A
perícopa do Evangelho de Mateus (Mt 22,34-40; replicada
em Mc 12,28-34 e Lc 10,25-28)
assumida para 3.ª Leitura da missa do XXX domingo do Tempo Comum no Ano A versa
o duplo mandamento do amor, que é a origem, o estilo e a meta de toda a missão
da Igreja e dos cristãos no mundo que nos cerca e com que nos entrosamos. O
anúncio audaz deste mandamento – promulgado pela excelência da vontade divina
no Antigo Testamento, integrante do shema
israelita lembrado e rezado todos os dias e consumado por Cristo no dinamismo
neotestamentário (cf Mt 5,17-18) que Ele inaugurou – convoca a
uma vida inteira de justiça na liberdade e na fraternidade. A sua recordação e
proclamação na liturgia dominical de encerramento do mês missionário (outubro) é a declaração da pertinência
da realização do mandamento do Senhor: amar
a Deus acima de tudo e amar o próximo como a nós mesmos; e
configura o propósito de transformação da vida para o desempenho cabal da
missão.
***
No Evangelho de Mateus, a abordagem do mandamento
do amor vem no contexto da terceira
controvérsia de Jesus com os grupos religiosos do judaísmo. A primeira foi, com
os herodianos e fariseus, sobre a questão da licitude do pagamento do tributo a
César (Mt 22,15-22); a segunda foi com os saduceus (Mt 22,23-33) sobre a ressurreição dos mortos, pois este grupo
rejeitava-a em absoluto, visto que admitia apenas a lei escrita, o Pentateuco,
e não os pontos de doutrina elaborados mais tarde pela tradição bíblica (vg:
imortalidade da alma, ressurreição dos corpos e existência de seres espirituais). Por isso, colocaram-lhe uma questão banal do tipo da borût rabínica, querendo fazê-lo entrar
numa discussão semisséria. Baseados no preceito moisaico da lei do “levirato”, de
que, se um homem morrer sem filhos, o irmão deve casar com a viúva para lhe dar
descendência (vd Dt 25,5), perguntaram
ao Mestre o que se passaria no caso de haver 7 irmãos, em que o primeiro casou
e morreu sem deixar filhos, vindo o irmão a casar com a viúva – o que sucedeu
ao 2.º e sucessivamente até ao 7.º (caso
improvável, mas evocado para demonstração de argúcia). Tendo morrido,
depois, a mulher, a questão era a de saber de qual dos 7 será a mulher na
ressurreição (ou seja, na vida ultraterrena), já que todos a tiveram. Jesus, acusando-os de não
compreenderem as Escrituras nem o poder de Deus (censura
pungente aos ouvidos dos saduceus), retorquiu que, na ressurreição, os homens não terão
mulheres nem as mulheres, maridos; serão como os anjos de Deus no céu (o que, em certa medida, sucede na fase terrestre da Igreja
com a virgindade por causa do Reino dos Céus, sinal profético da futura
condição escatológica). E, quanto à ressurreição dos mortos, recordou-lhes, sem
mencionar palavras dos livros recentes da sabedoria ou dos profetas, o que Deus
disse logo a Moisés: Eu sou o Deus de
Abraão, o Deus de Isaac e o Deus de Jacob (Ex
3,6),
sendo que Ele não é Deus dos mortos, mas Deus dos vivos.

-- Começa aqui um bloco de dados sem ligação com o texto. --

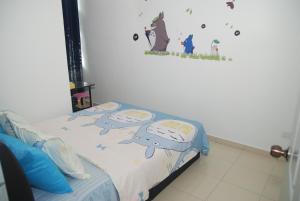 a bedroom with a bed with two pillows on it at Qstay Sitiawan Townhouse (Totoro Dreams) - 梦见龙猫 in Sitiawan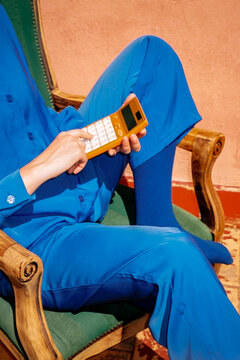 Hands in blue outfit using a retro calculator for budgeting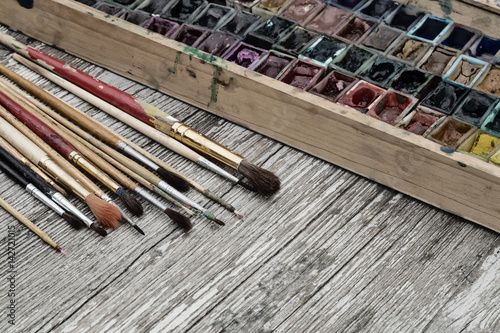 Wallpaper Mural Box with watercolors and brushes on a wooden surface Torontodigital.ca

Registe-se que até a teologia do judaísmo rejeitava o
materialismo grosseiro dos saduceus. Ora, caso se negue a ressurreição dos
corpos e a imortalidade da alma, como se entende o poder vivificante de Deus
para ressuscitar Jesus. E, se Jesus não ressuscitou, para que serve o Antigo
Testamento e a fé da Igreja? Para que prestará o mandamento do amor?
***
Voltando à 3.ª controvérsia, esta com os fariseus, admirados com
a resposta de Jesus aos saduceus, vemos um deles, um doutor da Lei, a
interrogar o Mestre. O Evangelho leva-nos,
de novo, a Jerusalém, nos últimos dias de Jesus antes de padecer. Os líderes
judaicos já tinham feito a sua escolha e estavam com ideias definidas acerca da
proposta de Jesus: uma proposta que não vem de Deus, pelo que devia ser
rejeitada. Jesus tinha, pois, de ser denunciado, julgado e condenado de forma
exemplar. Para concretizar esse objetivo, os responsáveis procuravam argumentos
com vista à acusação formal. É neste
ambiente que Mateus situa as controvérsias entre Jesus e os grupos religiosos. Tais
controvérsias apresentam-se como tramas bem urdidas, destinadas a surpreender
afirmações polémicas de Jesus, passíveis de serem usadas em tribunal para obter
a sua condenação. E vai-se de controvérsia em controvérsia até se chegar a uma
suscitada pelo próprio Cristo – a 4.ª, em que Jesus desafiou os fariseus
reunidos a responderem o que pensavam do Messias (Mt 22,41-46).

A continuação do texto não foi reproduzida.